Après les salutations d'usage, celui-ci me montre ses toutes nouvelles RRD Twinser Wave de 76 et 84 litres. Après des années d'utilisation d'un single ou d'un thruster dans les vagues, c'est en ce moment la révolution sur tous les spots de la planète. Beaucoup de rideurs ne jurent plus que par ces planches munies de 2 ailerons. Kauli Seadi a été le premier professionnel à remettre à l'ordre du jour cette configuration de dérives sur ses prototypes JP Australia shapés par Keith Teboul. L'avantage est de pouvoir augmenter le nombre de virages sur l'épaule de la vague tout en restant plus facilement au coeur de celle-ci. Vu les conditions, ce n'est pas aujourd'hui que l'on va pouvoir profiter de cette avancée technologique et plutôt que de rester à regarder la mer assis sur la digue, je propose à Fabrice de lui prêter un surf. '' Non merci, mais ne t'inquiètes pas, je vais aller visser mes footstraps sur mes 2 planches puis tenter d'attraper quelques vagues !'', voilà pour sa réponse. Et tandis que je me dirige vers le line up en ramant sur ma 10 pieds Bob Pearson, je pense en mon fort intérieur qu'il ne va pas tarder à revenir rapidement sur sa décision après sa séance de bricolage... 

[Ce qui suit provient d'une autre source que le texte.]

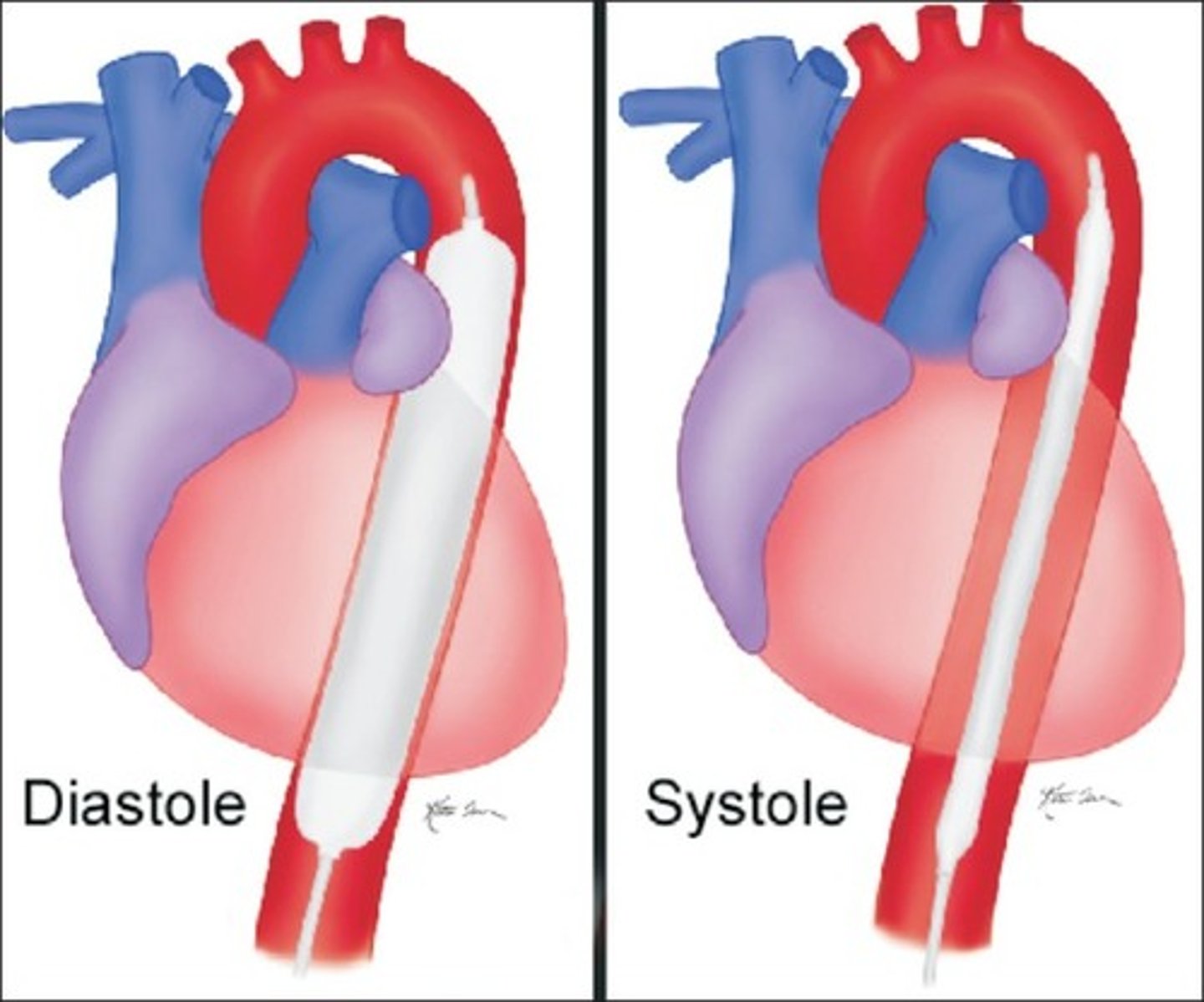 <p>intra-aortic balloon pump; used to support patients in cardiogenic shock</p>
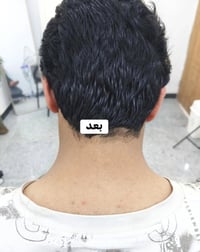 ليزر الرقبة • قبل وبعد • ناحية القيارة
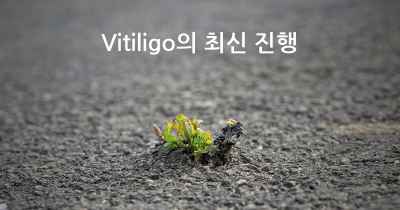 Vitiligo의 최신 진행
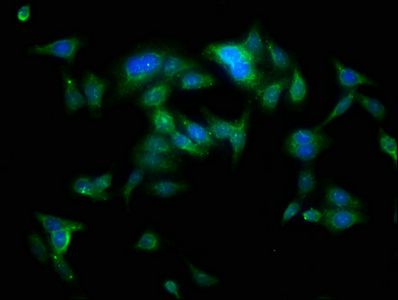 YARS Antibody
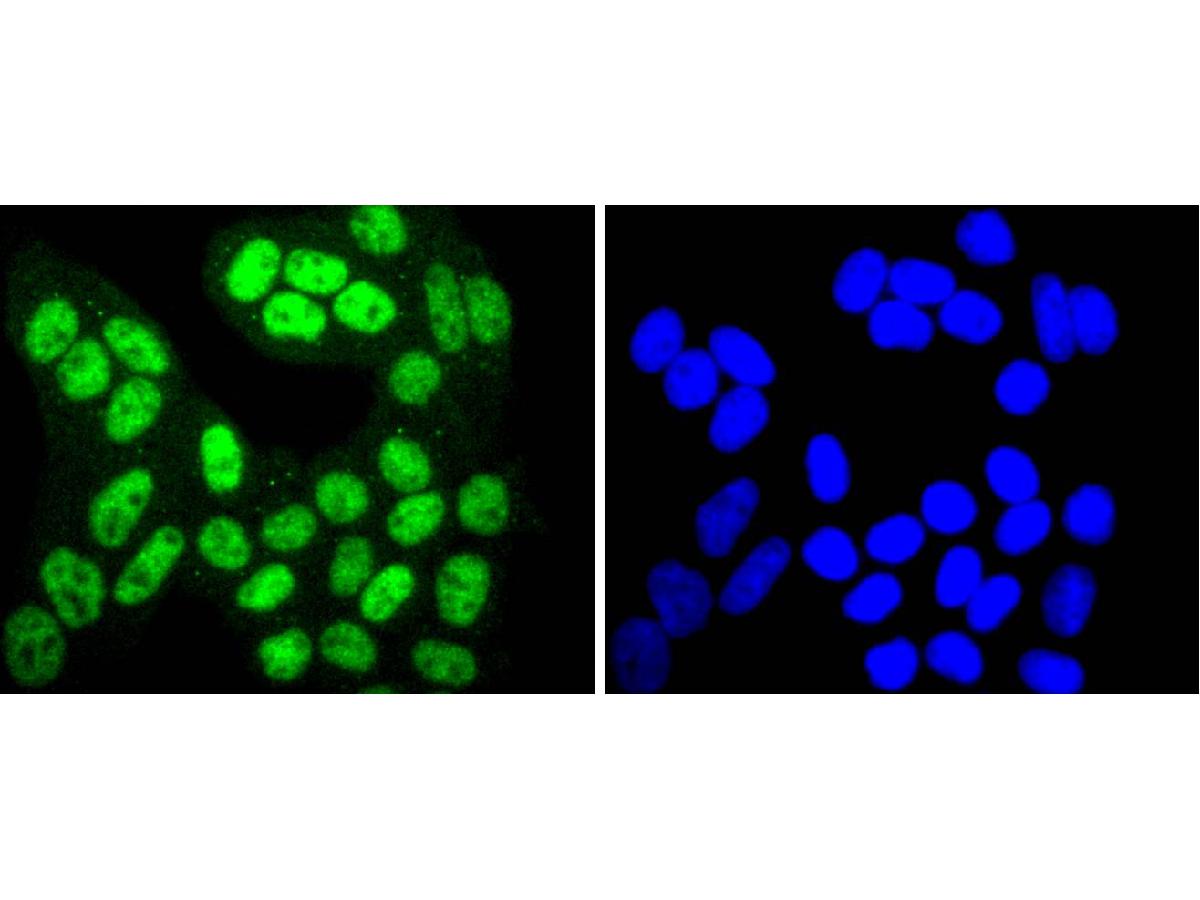 ICC staining of Phospho-SIRT1(T530) in Hela cells (green). Formalin fixed cells were permeabilized with 0.1% Triton X-100 in TBS for 10 minutes at room temperature and blocked with 1% Blocker BSA for 15 minutes at room temperature. Cells were probed with the primary antibody (ET1701-27, 1/50) for 1 hour at room temperature, washed with PBS. Alexa Fluor®488 Goat anti-Rabbit IgG was used as the secondary antibody at 1/1,000 dilution. The nuclear counter stain is DAPI (blue).
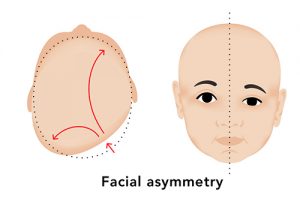 facial asimetri
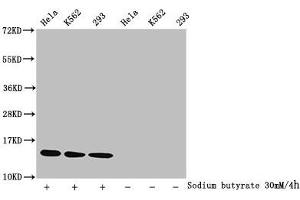Western Blot Detected samples: Hela whole cell lysate, K562 whole cell lysate, 293 whole cell lysate, Untreated (-) or treated (+) with 30 mM sodium butyrate for 4h All lanes: HIST1H2BC antibody at 1:1000 Secondary Goat polyclonal to rabbit IgG at 1/40000 dilution Predicted band size: 14 kDa Observed band size: 14 kDa (Histone H2B 抗体  (acLys15))
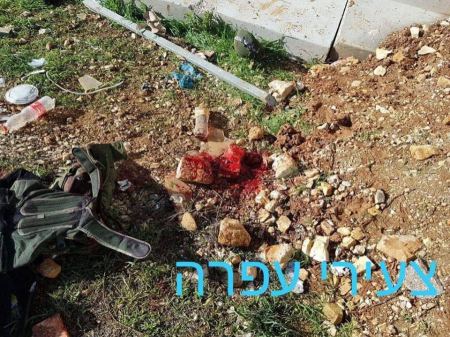 اصابة جندي للاحتلال رشقه شاب فلسطيني بحجر عن مستوطنة " بيت ايل"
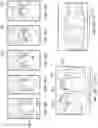 Fig. 07 - Gingival ovate pontic and methods of using the same
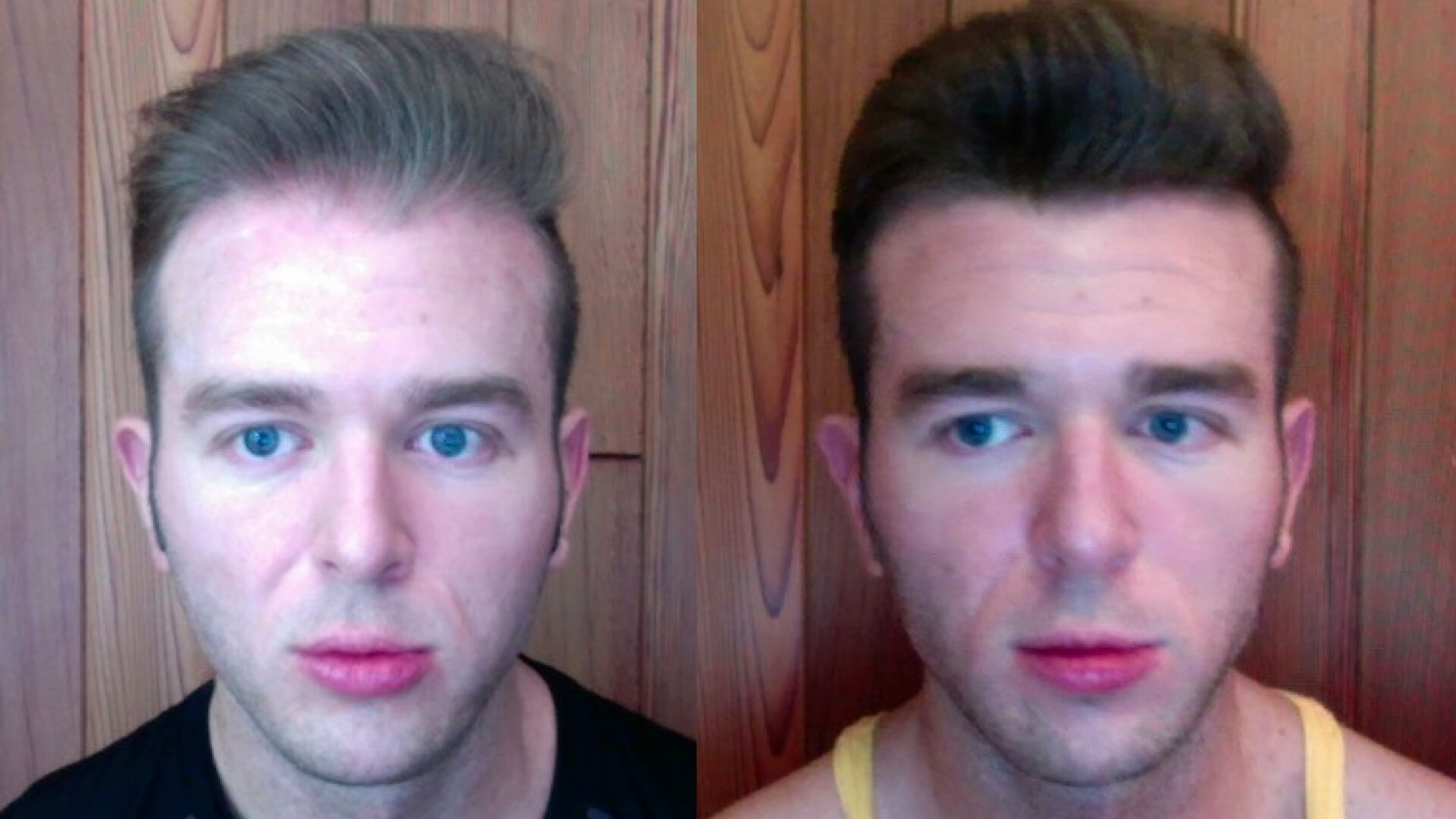 finasteride before and after 1 year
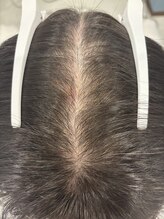 フォーケア(4Care)/プロセル頭皮改善トリートメント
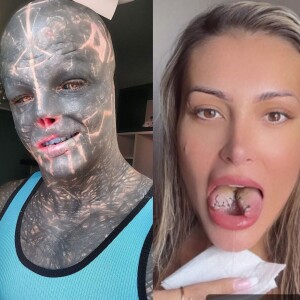 Além de Andressa Urach, confira 7 famosos (ou subcelebridades) que exageraram em cirurgias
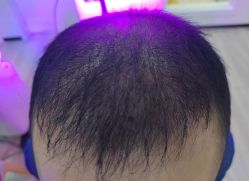 -雍禾植发全国连锁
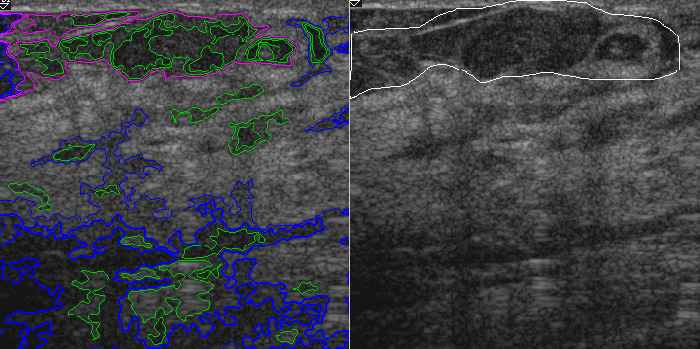 Segmentation of Breast Ultrasound
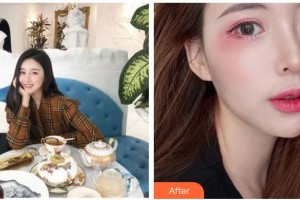 南充嬌美傾城醫(yī)學(xué)美容門(mén)診部張偉整形價(jià)格表附眼部綜合案例展示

Les séries sont plutôt sympathiques à rider en longboard car elles ouvrent correctement en gauche, et après quinze minutes de glisse, j'aperçois tout à coup Fabrice qui s'avance sur la plage armé de sa 84 litres et d'une 5.2 Neil Pryde... Zone ! Mise au point par Jason Polakow et Robert Stroj, c'est la voile la moins puissante de la marque, connue pour sa grande finesse et ses aptitudes à se faire oublier au surf down the line dans de solides conditions... Tout le contraire d'aujourd'hui, ce qui n'empêche pas notre hawaïen de service de rejoindre le pic en deux coups de cuillère à pot puis de commencer son festival ! Dans un souffle asthmatique, il arrive en jouant les équilibristes, à se placer sur la plus grosse vague de la série puis à suffisamment lofer pour regagner le terrain perdu pendant  le passage de la barre. Arrivé dans la zone d'impact, il abat alors plein largue sur l'épaule, de manière à générer le maximum de vitesse, puis s'en va taper 2 ou 3 rollers de belle facture. Grâce à sa technique affûtée dans le petit temps et maintenant la petite taille de ses 2 ailerons, ses prises de carre sont très appuyées lors du bottom turn, et il nous gratifie en plus de jolis slashs en fin de off the lip. Gaël Pilastre, l'un des responsables du club, profite de l'occasion pour sortir son appareil photo après avoir rangé son aile et sa planche de kitesurf. L'un de ses clichés aura les faveurs de la presse spécialisée et paraîtra  dans Wind Magazine.

16 h 45, même endroit.

Il est temps de ranger mon matériel et de filer chercher ma fille Agathe à l'école primaire. En faisant demi-tour sur la digue, je constate que le vent a repris des tours et qu'il souffle maintenant à 12-15 noeuds. Fabrice est au taquet au surf, et ma dernière image de lui est un aérial off the lip à plus d'1 m 50 au dessus de la vague, après une impulsion digne d'un gymnaste sur un trampoline ! Oui, décidément, le garçon est vraiment très doué dans le lightwind...

4) Les cerfs. (2021)


Caen, Calvados, France, mai 2008, 12 h 30.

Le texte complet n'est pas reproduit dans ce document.